Pessoa destacó como poeta, por supuesto, y por la genial invención de sus otros yoes, los famosos heterónimos (Soares, Campos, Caeiro...), pero el de los cuentos «es el Pessoa más transparente que hay», como ocurre con «Libro de desasosiego», que se publicó en 1982 y proyectó internacionalmente al escritor con su prosa personalísima. Ciertamente, «en esos textos se sincera más, por ejemplo en su infancia se le murieron dos hermanas, y eso le creó toda una serie de angustias que se ve en los cuentos, con el tema de la locura, la muerte..., es mucho más rastreable su vida en los cuentos que en otras de sus facetas». Con todo, que el lector se olvide de un Pessoa ensimismado en su vida, como gris oficinista y volcado en la escritura de manera compulsiva: varios de estos cuentos demuestran su cercanía a la realidad, como los que le inspiraron la guerra o la realidad política de su país.

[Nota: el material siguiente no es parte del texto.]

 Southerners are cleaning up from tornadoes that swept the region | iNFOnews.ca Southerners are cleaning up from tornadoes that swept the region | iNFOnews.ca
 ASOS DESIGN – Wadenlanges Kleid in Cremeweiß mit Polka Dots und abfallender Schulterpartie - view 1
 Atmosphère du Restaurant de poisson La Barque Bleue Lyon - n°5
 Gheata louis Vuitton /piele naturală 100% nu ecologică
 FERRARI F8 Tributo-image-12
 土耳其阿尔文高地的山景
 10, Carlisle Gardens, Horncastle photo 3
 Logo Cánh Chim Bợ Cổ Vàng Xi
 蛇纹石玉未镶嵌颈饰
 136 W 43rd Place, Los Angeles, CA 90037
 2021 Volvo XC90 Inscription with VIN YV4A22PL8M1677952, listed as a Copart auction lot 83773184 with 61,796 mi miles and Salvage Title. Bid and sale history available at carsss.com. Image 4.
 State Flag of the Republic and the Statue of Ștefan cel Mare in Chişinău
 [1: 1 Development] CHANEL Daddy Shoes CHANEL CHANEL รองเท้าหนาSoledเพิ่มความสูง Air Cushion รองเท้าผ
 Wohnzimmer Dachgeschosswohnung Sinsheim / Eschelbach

Sea como fuere, para Moya, Pessoa siempre será un «escapista» mediante su heteronimia, un «soñador inveterado» que siempre arrastró una sensación de extranjería tras volver a Lisboa tras pasar su infancia en Suráfrica y que era «un personaje desclasado, que viene de una familia burguesa pero se dedica a vivir una vida bohemia en el sentido de pobre». Tal cosa provocaría una conciencia de extranjero –más si cabe cuando su primer idioma fue el inglés– y a la vez de nacionalista convencido, como se aprecia en los textos dedicados a asuntos de gran actualidad como el que recrea la relación entre tiranía y democracia. No importó que publicara poco, si bien Moya aduce tal cosa al hecho de que la inercia por escribir y corregir dentro de una oleada incansable de escritos e ideas que no paraban de crecer sería tremendamente difícil de convertirse en material listo para editarse; de todas formas jamás sería visto como un poeta oculto por parte de sus contemporáneos: «Él no es un Van Gogh, ni un Modigliani, su obra nunca dejó de estar presente, la noticia de su muerte salió al día siguiente por extenso en todos los periódicos de Lisboa, y su primera biografía es de 1942», es decir, solamente siete años tras su muerte, de un ataque de cirrosis hepática, en una etapa en que el abuso del alcohol devendría fatal, dejando a la posteridad toda un arca de papeles inéditos cuyo fondo no parece tener fin.